Acute Ataxic Neuropathy (AAN), defined by severe ataxia without ophthalmoplegia, includes two conditions: ataxic GBS and Acute Sensory Ataxic Neuropathy (ASAN). Ataxic GBS, which accounts for 69% of AAN cases, is typically associated with a negative Romberg sign, hypo/areflexia, distal paresthesias, and Cerebrospinal Fluid (CSF) Albuminocytological Dissociation (ACD), classifying it as a GBS variant [12,13]. ASAN, accounting for 31% of AAN cases, more frequently presents with a positive Romberg sign, the absence of Sensory Nerve Action Potentials (SNAPs), normal CSF findings, loss of large myelinated fibers, and axonal damage [14].

Initial symptoms in both conditions may include distal dysesthesias (51% in ataxic GBS vs. 71% in ASAN) and gait disturbances (49% in ataxic GBS vs. 35% in ASAN). As the disease progresses, patients often develop more pronounced distal dysesthesias (70% in ataxic GBS vs. 88% in ASAN) and superficial sensory impairments (27% in ataxic GBS vs. 24% in ASAN). Symptom severity tends to peak around day 4 in ataxic GBS (range: 2–15 days) and day 7 in ASAN (range: 3-13 days) [15].

Acute Ophthalmoparesis (AO) is characterized by sudden, symmetrical involvement of both external and internal eye muscles, without the presence of ataxia or areflexia, and is associated with anti-GQ1b antibodies [16]. In approximately 27% of cases, unilateral eye involvement complicates diagnosis [17,18].

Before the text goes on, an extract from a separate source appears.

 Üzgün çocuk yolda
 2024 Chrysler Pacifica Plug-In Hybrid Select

Overlap syndromes, in which patients exhibit features of both MFS-BBE and other related disorders like GBS, further underscore the complexity of this spectrum [6,19]. The development of more generalized GBS features, such as limb weakness with flaccid tetraparesis in the context of a form of the anti-GQ1b antibody syndrome spectrum, may represent the epiphenomenon of an overlapping condition that significantly impacts patient outcomes [20,21].

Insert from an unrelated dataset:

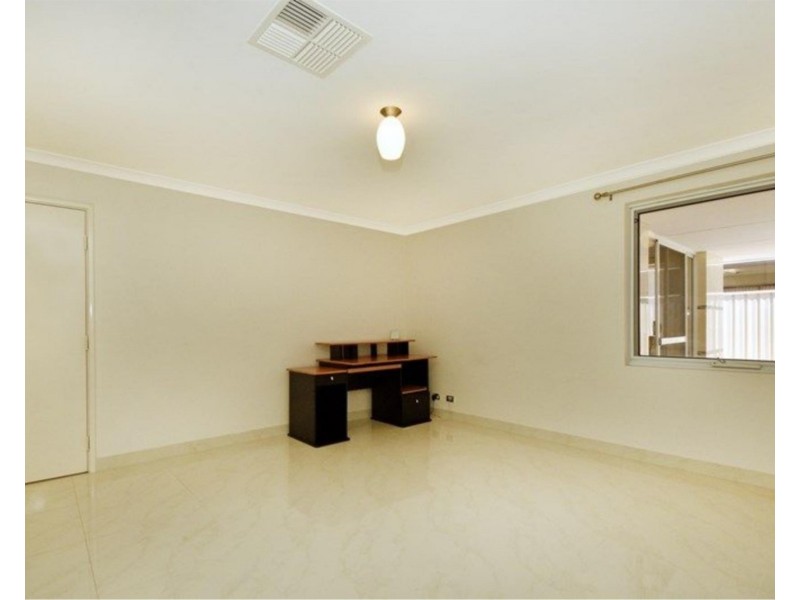 31 Barbarossa Drive, Caversham WA 6055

Other symptoms associated with GBS overlap include moderate to severe back pain refractory to analgesic therapy and headache [22,23]. The headache is hypothesized to result from autoantibodies (GQ1b, GT1a, GD3, GD1b) targeting cranial nerves and sensory cervical roots, potentially activating the trigeminovascular pain pathway [23-25].

The occurrence of such overlaps can influence prognosis, with approximately 25% of patients scoring 3 on the Medical Research Council (MRC) scale experiencing persistent limb weakness [20,26,27].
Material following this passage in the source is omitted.